Eu era mais novo e me preocupava com palavras e expressões em extinção. Se minha geração não era adepta a termos como “supimpa” ou “brotinho”, desconfiava que em um futuro próximo ninguém soubesse o significado das saudações e despedidas “oi”, “tchau”, “bom dia”, “até amanhã” etc.

Percebia uma maior importância dada aos “e aí?” na chegada e “falou” na hora da partida. Tudo muito reduzido e diferente. Depois de um tempo, podia ser que eliminassem as saudações ao chegar e sair.

Eu era mais novo e já cultivava umas neuroses estranhas, umas manias esquisitas, umas preocupações malucas.

Esse prognóstico bizarro me veio à mente no último fim de semana, mas volta e meia ele ressurge quando assisto a filmes ou séries. Queria entender por que personagens não valorizam a boa educação ao telefone, especialmente quando “estadunidenses” (“afinal, somos todos americanos”, disse um amigo meio intelectual… meio de esquerda).

– Que horas jantamos hoje?
– Não sei, amor, que tal às oito?
– Oito? Ótimo.

E desliga o celular. Sem um beijo de despedida comum aos apaixonados ou uma discussão melosa do tipo “desliga primeiro”, “não, desliga você primeiro”, “ah, desliga você primeiro”, repetidos até alguém ao lado perder a paciência. Não há aviso, discussão ou pergunta se há algo mais a ser resolvido. Eles simplesmente desconectam o aparelho ou colocam o fone de volta no gancho (sou das antigas) e seguem a vida normalmente, como se nada tivesse acontecido.
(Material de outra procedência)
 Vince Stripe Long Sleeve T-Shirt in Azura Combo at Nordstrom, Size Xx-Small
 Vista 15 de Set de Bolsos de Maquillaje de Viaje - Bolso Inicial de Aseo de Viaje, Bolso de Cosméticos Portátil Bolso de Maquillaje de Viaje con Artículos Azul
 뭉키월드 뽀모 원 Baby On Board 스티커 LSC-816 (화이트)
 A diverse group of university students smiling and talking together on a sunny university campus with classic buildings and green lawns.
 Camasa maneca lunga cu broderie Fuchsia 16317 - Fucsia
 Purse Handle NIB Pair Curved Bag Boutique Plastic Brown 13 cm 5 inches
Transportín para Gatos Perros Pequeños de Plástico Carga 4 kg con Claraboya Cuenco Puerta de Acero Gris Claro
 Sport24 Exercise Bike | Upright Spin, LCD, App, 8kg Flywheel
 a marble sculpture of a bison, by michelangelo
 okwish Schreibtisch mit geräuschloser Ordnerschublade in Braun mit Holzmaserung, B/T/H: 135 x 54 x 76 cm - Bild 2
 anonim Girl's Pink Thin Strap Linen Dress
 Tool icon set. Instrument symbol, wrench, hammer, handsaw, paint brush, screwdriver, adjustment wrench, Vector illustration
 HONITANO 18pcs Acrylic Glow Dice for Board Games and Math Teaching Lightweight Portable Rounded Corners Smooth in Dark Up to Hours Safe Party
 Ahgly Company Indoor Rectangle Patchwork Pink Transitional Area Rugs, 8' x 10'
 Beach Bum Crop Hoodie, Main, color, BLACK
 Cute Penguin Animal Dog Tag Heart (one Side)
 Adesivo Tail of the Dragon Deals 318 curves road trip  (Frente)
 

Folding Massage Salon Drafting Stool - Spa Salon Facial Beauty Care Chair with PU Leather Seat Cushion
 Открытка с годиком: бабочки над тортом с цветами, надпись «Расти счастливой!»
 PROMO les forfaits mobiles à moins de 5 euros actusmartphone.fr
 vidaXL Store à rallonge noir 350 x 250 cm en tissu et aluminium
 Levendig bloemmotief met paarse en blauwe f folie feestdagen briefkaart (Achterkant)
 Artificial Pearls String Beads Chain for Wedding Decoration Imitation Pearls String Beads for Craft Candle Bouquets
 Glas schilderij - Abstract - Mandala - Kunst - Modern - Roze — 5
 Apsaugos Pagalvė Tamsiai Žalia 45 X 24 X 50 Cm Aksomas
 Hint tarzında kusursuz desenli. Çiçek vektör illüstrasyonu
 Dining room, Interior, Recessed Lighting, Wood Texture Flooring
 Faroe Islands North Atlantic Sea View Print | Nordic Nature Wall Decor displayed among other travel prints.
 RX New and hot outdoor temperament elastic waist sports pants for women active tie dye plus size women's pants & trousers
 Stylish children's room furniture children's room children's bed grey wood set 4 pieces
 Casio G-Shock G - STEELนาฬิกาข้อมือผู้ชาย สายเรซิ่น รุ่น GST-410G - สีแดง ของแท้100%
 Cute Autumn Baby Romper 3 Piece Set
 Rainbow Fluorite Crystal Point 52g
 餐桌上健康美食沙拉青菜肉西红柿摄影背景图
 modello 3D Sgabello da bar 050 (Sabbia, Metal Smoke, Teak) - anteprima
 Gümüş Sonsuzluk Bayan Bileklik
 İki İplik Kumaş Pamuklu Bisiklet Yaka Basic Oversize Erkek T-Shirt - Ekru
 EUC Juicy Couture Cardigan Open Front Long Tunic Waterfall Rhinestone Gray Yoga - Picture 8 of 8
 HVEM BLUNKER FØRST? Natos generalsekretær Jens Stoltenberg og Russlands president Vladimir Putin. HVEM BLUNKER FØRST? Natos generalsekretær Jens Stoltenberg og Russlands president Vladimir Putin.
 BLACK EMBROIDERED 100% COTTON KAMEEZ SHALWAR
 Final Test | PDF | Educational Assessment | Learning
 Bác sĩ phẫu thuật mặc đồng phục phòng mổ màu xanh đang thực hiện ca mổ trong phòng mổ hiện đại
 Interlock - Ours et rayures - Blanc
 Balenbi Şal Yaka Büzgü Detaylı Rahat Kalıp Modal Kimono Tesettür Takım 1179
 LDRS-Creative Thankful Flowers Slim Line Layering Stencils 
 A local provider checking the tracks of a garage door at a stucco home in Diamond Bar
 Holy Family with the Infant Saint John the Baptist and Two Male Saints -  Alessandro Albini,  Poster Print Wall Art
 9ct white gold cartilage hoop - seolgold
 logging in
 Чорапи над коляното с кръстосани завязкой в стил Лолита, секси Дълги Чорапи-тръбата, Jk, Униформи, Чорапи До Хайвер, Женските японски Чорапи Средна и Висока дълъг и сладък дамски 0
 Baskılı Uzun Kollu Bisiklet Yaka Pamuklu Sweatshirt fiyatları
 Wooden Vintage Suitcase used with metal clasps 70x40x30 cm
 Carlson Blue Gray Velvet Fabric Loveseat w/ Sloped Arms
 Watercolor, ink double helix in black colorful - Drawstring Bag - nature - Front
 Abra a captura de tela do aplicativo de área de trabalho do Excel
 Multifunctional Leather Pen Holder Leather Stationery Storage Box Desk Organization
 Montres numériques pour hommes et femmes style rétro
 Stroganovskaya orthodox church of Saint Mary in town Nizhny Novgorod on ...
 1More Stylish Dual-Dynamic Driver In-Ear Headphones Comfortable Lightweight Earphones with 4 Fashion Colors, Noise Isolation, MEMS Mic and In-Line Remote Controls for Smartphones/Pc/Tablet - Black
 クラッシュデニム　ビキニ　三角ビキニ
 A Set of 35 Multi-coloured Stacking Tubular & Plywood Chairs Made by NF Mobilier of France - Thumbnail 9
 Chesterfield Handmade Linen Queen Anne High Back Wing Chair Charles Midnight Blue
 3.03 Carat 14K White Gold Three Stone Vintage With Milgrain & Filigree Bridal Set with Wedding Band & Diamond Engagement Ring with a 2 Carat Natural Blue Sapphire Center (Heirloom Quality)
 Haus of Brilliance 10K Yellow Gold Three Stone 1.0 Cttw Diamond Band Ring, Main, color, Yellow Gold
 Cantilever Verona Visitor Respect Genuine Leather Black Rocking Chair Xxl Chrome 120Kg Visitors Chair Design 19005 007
Não importa o assunto. Já vi agentes do FBI desligando na cara do presidente. Mães ignoram a clássica recomendação de um casaquinho e um guarda-chuva, deixando os filhos ouvindo o “tututu” sem avisá-los prontamente. Já fui chamado de mal-educado e grosseiro por repetir o que aprendi nos filmes, mesmo quando a urgência de pegar o ônibus ou correr de algum perigo me impedisse de esticar o assunto antes de uma despedida com tempo adequado.

Confesso: entre as manias bizarras cultivadas desde meus primeiros anos de vida, cismei com a maneira errada das pessoas se tratarem antes de desligar o telefone nos filmes e séries. Cheguei ao ponto vergonhoso de fazer uma pesquisa com dezenas de amigos e amigas tentando a sorte no estrangeiro.

– Cara, é só no Brasil que inventaram de falar “alô” e dar tchau antes de desligar? É uma peculiaridade nossa, como o excesso de banhos? – e ouvia risadas, a dúvida, o depoimento de quem nunca passou pelo constrangimento de falar telefônico.

Eis uma prova do quanto podemos nos enganar enquanto nos deliciamos com as maravilhas do audiovisual. (quase) Ninguém tem um coração tão gelado a ponto de sumir, assim, como o mestre dos magos do outro lado da linha. Deve ser por isso que evito ligações internacionais no escritório em que trabalho: digo que meu inglês é macarrônico, mas tenho medo de uma crise pós-desligar repentino.